Recent weeks have produced the best results of the season though, and on top of the excellent away win at Derby in August, a confidence-boosting point was gained against leaders Southampton, before the thumping 5-1 victory over Nottingham Forest, which really demonstrated the attacking potential in the team, particularly the exciting young trio of Charlie Austin, Jay Rodriguez and Junior Stanislas.

The pairing of David Edgar and Andre Amougou at centre-half seems to have stabilised things at the back somewhat (although both have a frightening tendency to switch off at crucial times), and one of many acquisitions from Bournemouth; Marvin Bartley, has begun to carve out a niche for himself in central midfield after red cards at Nottingham Forest and Crystal Palace hindered his progress since signing in January. A win away at Millwall just before the international break was another excellent result and, miraculously, brought our first clean sheet in twenty-four attempts; a real monkey off the back of the defence. Saturday’s game against Reading, while something of a flat performance, would even have produced a mind-blowing second clean sheet in succession, bar a ridiculously late 99th minute winner for the away side.

The club has become known for cup runs in recent seasons, and after avoiding an upset in a tricky fixture against Milton Keynes, the anti-climactic draw of Cardiff away in the fourth round should not detract from the fact that the League Cup is acting once again as a helpful distraction from the patchy league form for the fans.

This recent on-pitch success has tempered fan criticism of the board somewhat, although constant reports in the press of possible signings “next week” have become a running joke amongst Burnley fans, predictably met with (as it turns out, well-placed) cynicism. Fans are still smarting from the abrupt sale of Wembley hero Wade Elliott, pushed out of the back door despite a promise from the board that no more players would be sold (the second such promise broken this season), and the continuing lack of acquisitions is a real worry. Zavon Hines seems an able replacement for Rodriguez and Austin up front, and Stanislas, Wallace and Treacy offer options on the wings, but beyond that, the threadbare squad is a big concern.

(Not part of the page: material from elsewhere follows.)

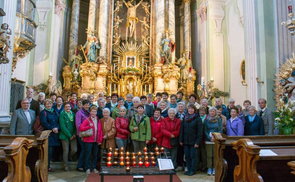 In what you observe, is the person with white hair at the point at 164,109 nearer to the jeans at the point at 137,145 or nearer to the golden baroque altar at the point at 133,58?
the jeans at the point at 137,145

There are literally only two full-backs at the club, and Amougou or captain Chris McCann would prove very difficult to replace in central defence and midfield respectively. The spine of the Burnley team is far from complete, and the winter months will test it severely.

Fans have a tendency to get swept away in the emotion of a famous victory or a dire defeat, but the international week is an excellent time to take stock, and it seems that positives and negatives have, thus far, balanced each other out at Turf Moor. A positive or negative run before Christmas will set the focus for the rest of the season- will we be looking up the table or over our shoulders, and will the board finally back Eddie Howe in the transfer market? For myself, a mid-table squad can only ever equal a mid-table finish, but it will be fascinating to see what happens on and off the pitch between now and January. At least in the Championship, not even mid-table is dull!

Written by Tom Whittaker, We Are Going Up’s Burnley Blogger

Tom tweets at @tomclaret


  • Michael Wicks says:

    “Disappointing results against some of the division’s weaker sides (one point from games against Watford, Crystal Palace and Peterborough)”

    Watford (22nd) fair enough. But are Peterborough (10th) and – particularly – Palace (4th) some of the division’s weaker sides?

  • tomclaret says:

    Peterborough were there for the taking when we played them, and personally, yes, I feel they are one of the weaker teams in the division, despite their league position. Palace is fair comment though- I think at the time we played them, based on their position last season, we were expecting something from the game, which is reflected in that comment. Obviously it hasn’t quite gone that way!